31 March 2012

2012 is not 1944. At all. And we can't let it be.


Toulouse, France. A madman kills four people: one adult and three children. Tragic. Awful. But this was not just any madman and any four people. Reframed: A Muslim terrorist kills four Jews outside a Jewish school: a rabbi, two of his children and the principal's daughter. Yet another anti-Semitic act in a long history of racism and suffering. At the AIPAC Conference in early March, Prime Minister Benjamin Netanyahu declared that 2012 is not 1944, invoking the powerful image of the Holocaust and the unknown loss of Jewish lives as a result of the United States not bombing the rail lines to Auschwitz, despite Jewish pressure upon the Roosevelt Administration and War Department to save innocent people. 2012 is not 1944, indeed. 2012 is not 1944 because in 1944, there was no Israel and though the Allied Powers were fighting the Axis Powers diligently, 6,000,000 Jews and 5,000,000 non-Jews were being shuttled to death through a terror network beyond our imagination. When Netanyahu invoked the memory of the Shoah, he did so in the context of saying that Israel would fight to protect herself in light of the Iranian program to develop nuclear weapons. His use of that image at AIPAC was done to inspire the thousands of conference-goers who would be lobbying their Congressional delegation the next day to urge the Congress to support efforts (political and/or military) to stop Iran's nuclear aspirations. 2012 is not 1944.

A couple of weeks after the AIPAC Conference, a Muslim terrorist shot a rabbi and three children. The world responded overwhelmingly with shock and horror. France, home to anti-Semitism for centuries, had school children stand in silence and the French President used the opportunity to teach that racism has no place in his country. The French President went beyond merely offering condolences, Sarkozy sent the French Foreign Minister to the funeral of the victims, who were buried in Israel. Indeed, 2012 is not 1944. It is not 1933 or any of the intervening years between Hitler's rise to power or his defeat. World leaders were hardly doing enough – if anything – to protect the Jews in the 1930s and 40s. And there certainly was no Jewish sovereign nation with which to protect ourselves prior to 1948.

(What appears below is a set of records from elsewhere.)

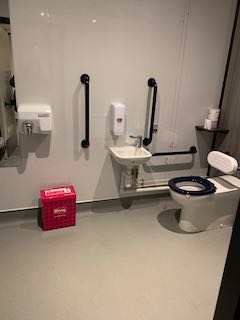View of an accessible toilet. A white toilet with black seat on the right hand side is next to a sink and black handrails. A hand dryer and Biffy bin are on the left.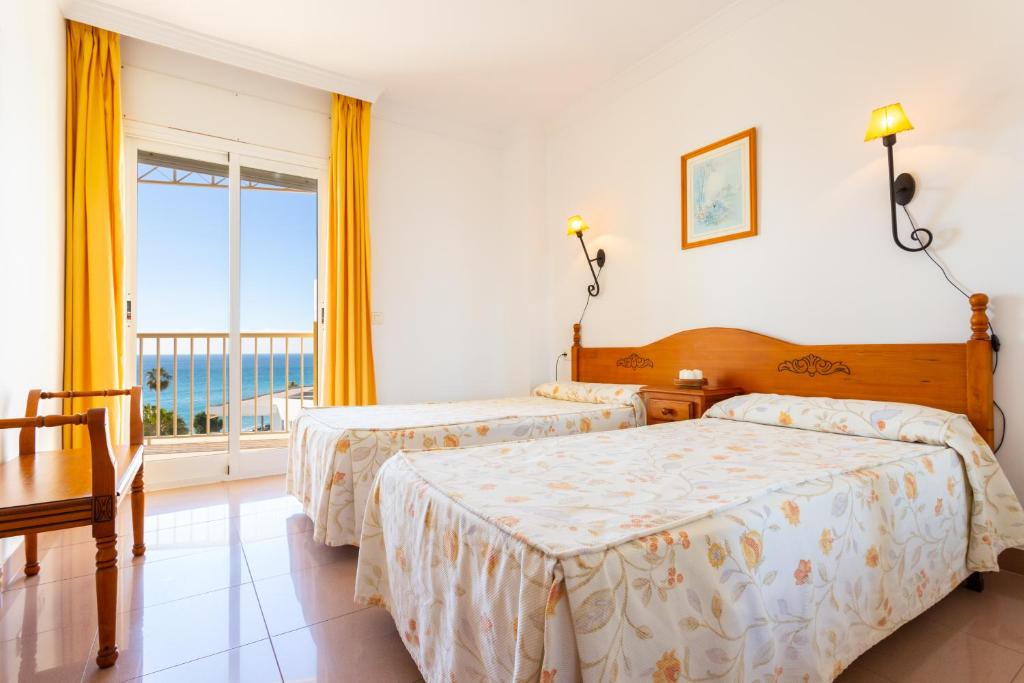 a bedroom with two beds and a large window at Apartamentos Solset Nerja in Nerja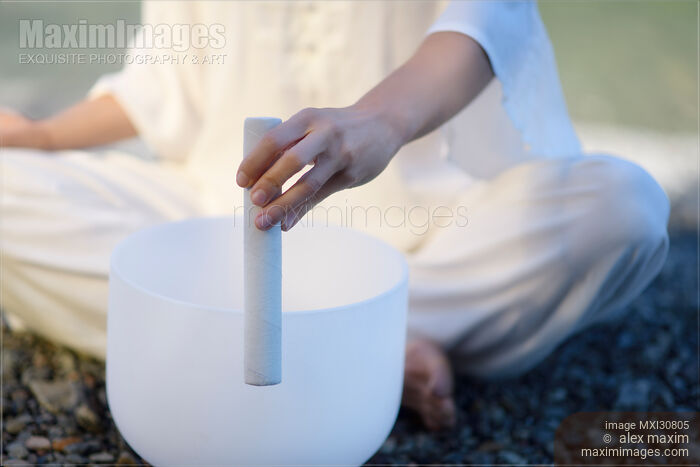 Woman playing a quartz crystal singing bowl for healing sound therapy Stock photo of Woman playing a quartz crystal singing bowl for healing sound therapy Buy commercial use license at MaximImages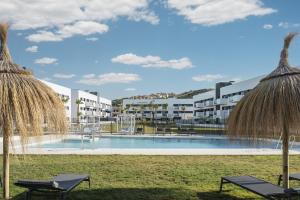 阿尔马亚特巴瑶Residencial Celere Playa Niza的一张带两把椅子的度假村游泳池的图片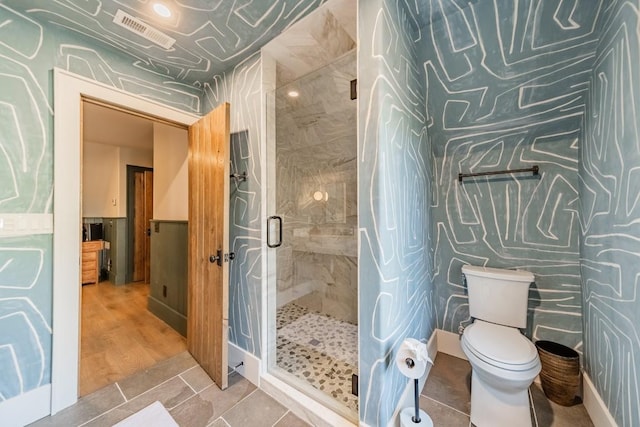 bathroom featuring toilet, a shower stall, visible vents, and tile patterned floors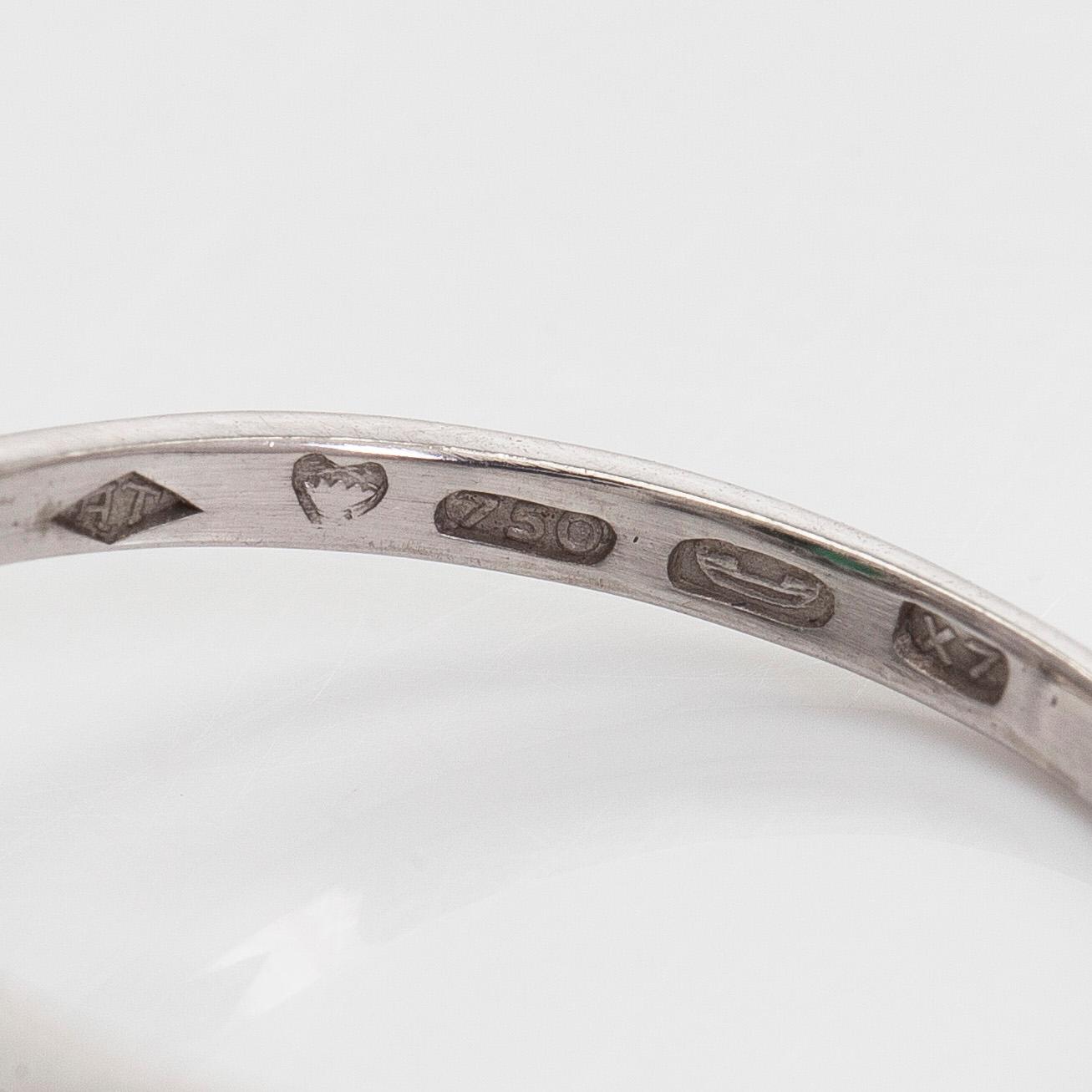 RING, fasettslipad turmalin, åttkantslipade diamanter, 18K vitguld. A. Tillander, Helsingfors 1975.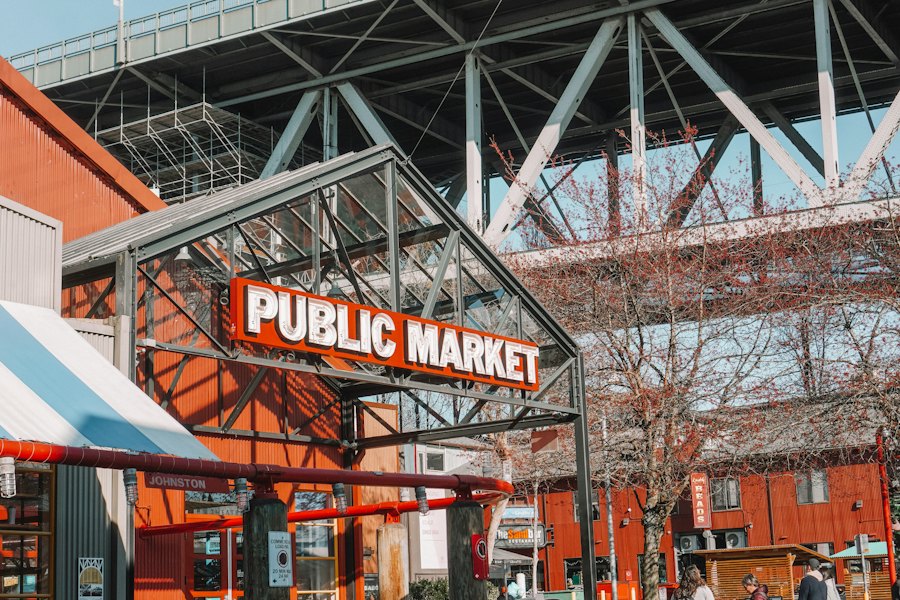 The red Public Market sign at Granville Island under the bridge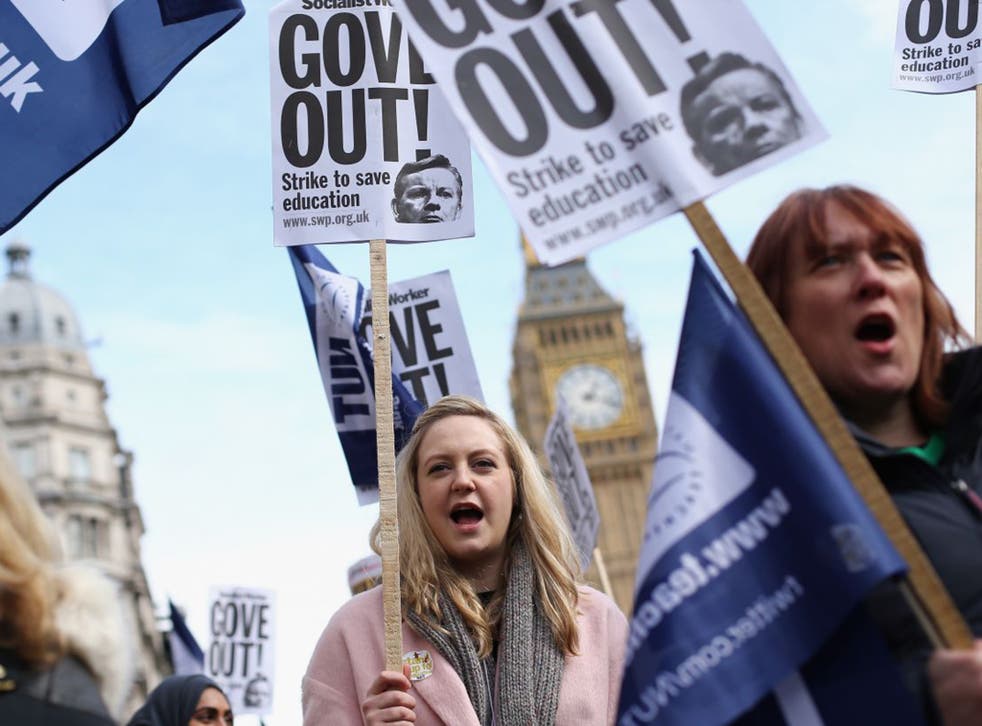 Angry teachers took part in a rally through Westminster in March last year following a one-day walkout (Getty)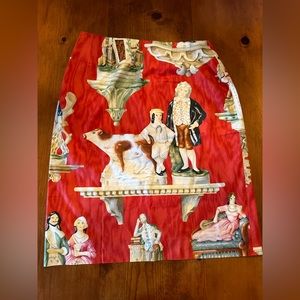 Vintage Steven Stolman pencil skirt red with Victorian Staffordshire figurines.
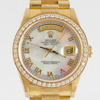 Ladies Rolex. Mother of Pearl and Roman Numeral Dial. Diamond bezel.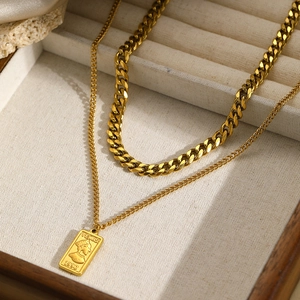 Double-layered gold Cuban chain necklace featuring a vintage Venus pendant on beige tray
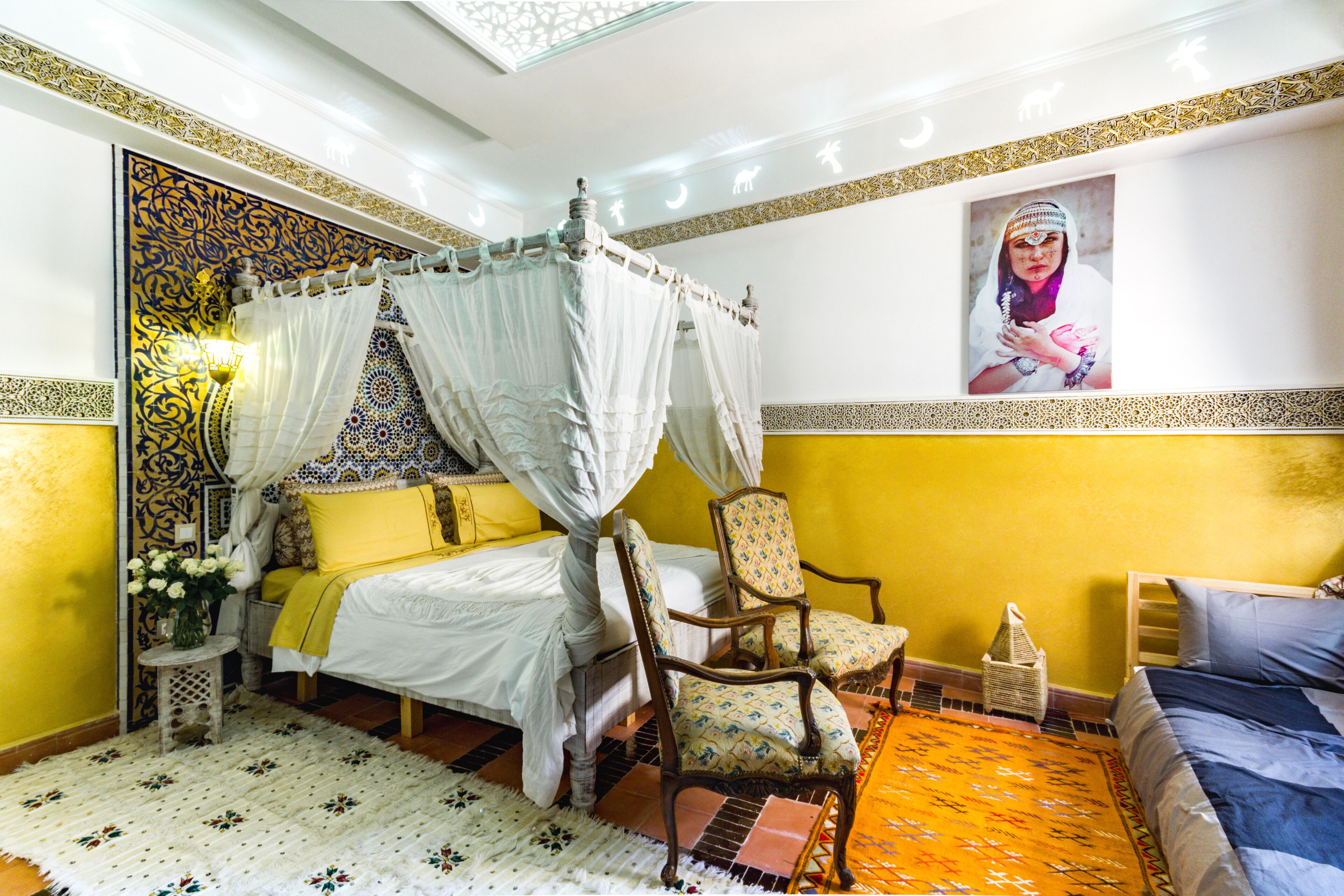 Une chambre avec un lit à baldaquin, une chaise, une petite table sur laquelle est posé un vase de fleurs, et un mur orné d’un motif décoratif.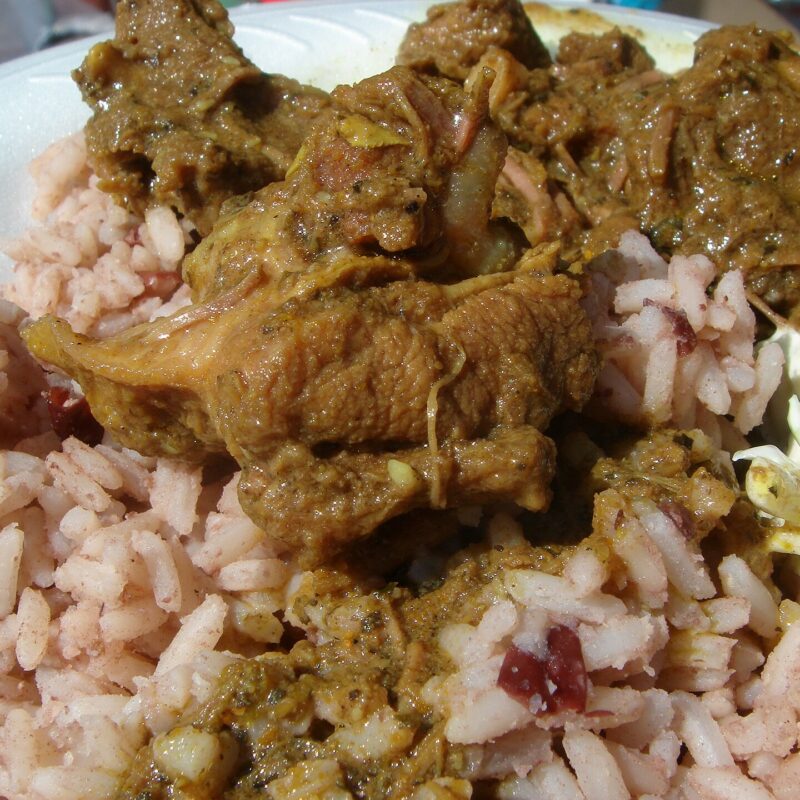 Curry goat over rice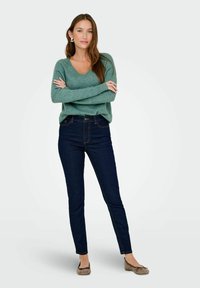 Donna in piedi con le braccia incrociate, che indossa un maglione verde, jeans blu scuri e scarpe basse marroni, su uno sfondo chiaro e neutro.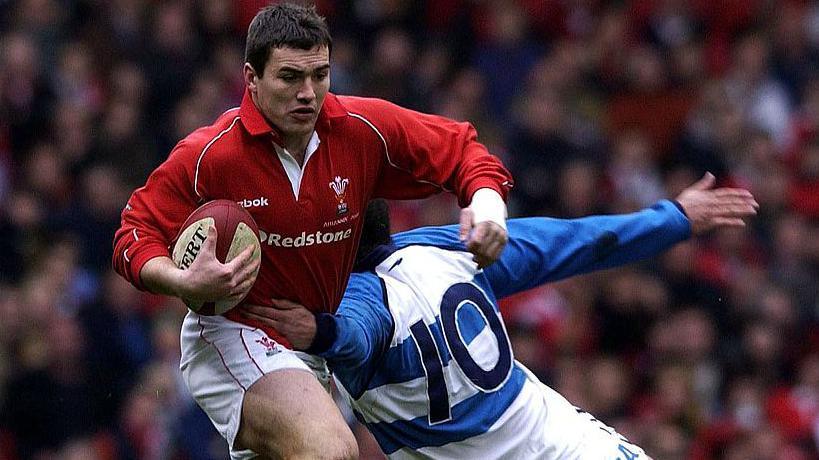 Iestyn Harris avoids a tackle on his Wales debut against Argentina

But 2012 is not 1944 and we would be wrong to wrap ourselves in a cocoon and think that the world is attacking us again because a madman, who seems to have been acting alone, wreaked havoc one day. While we must be vigilant against racism and keep our guard up always, the world does not want to destroy us and by and large, Israel has found acceptance in the world. Are there Arab nations and terror groups who seek Israel's downfall? Yes, all around and that is why a strong Israeli military is needed. However, the existential threat to Judaism, the Jewish people, and Israel comes less from outside and more from inside. I pray for a day when Jews are not gunned down for being Jews, when black American youths are not gunned down for wearing hooded-sweatshirts, when Syrian activists are not killed by their own government for raising their voice in protest, when all the nations of the world will fulfill the prophecy declared by Isaiah (which is emblazoned on the walls of the United Nations): Nation shall not lift up sword against another and none shall learn the ways of war anymore. May we all be able to sit, as Micah hoped, beneath our grapevine and fig tree without fear.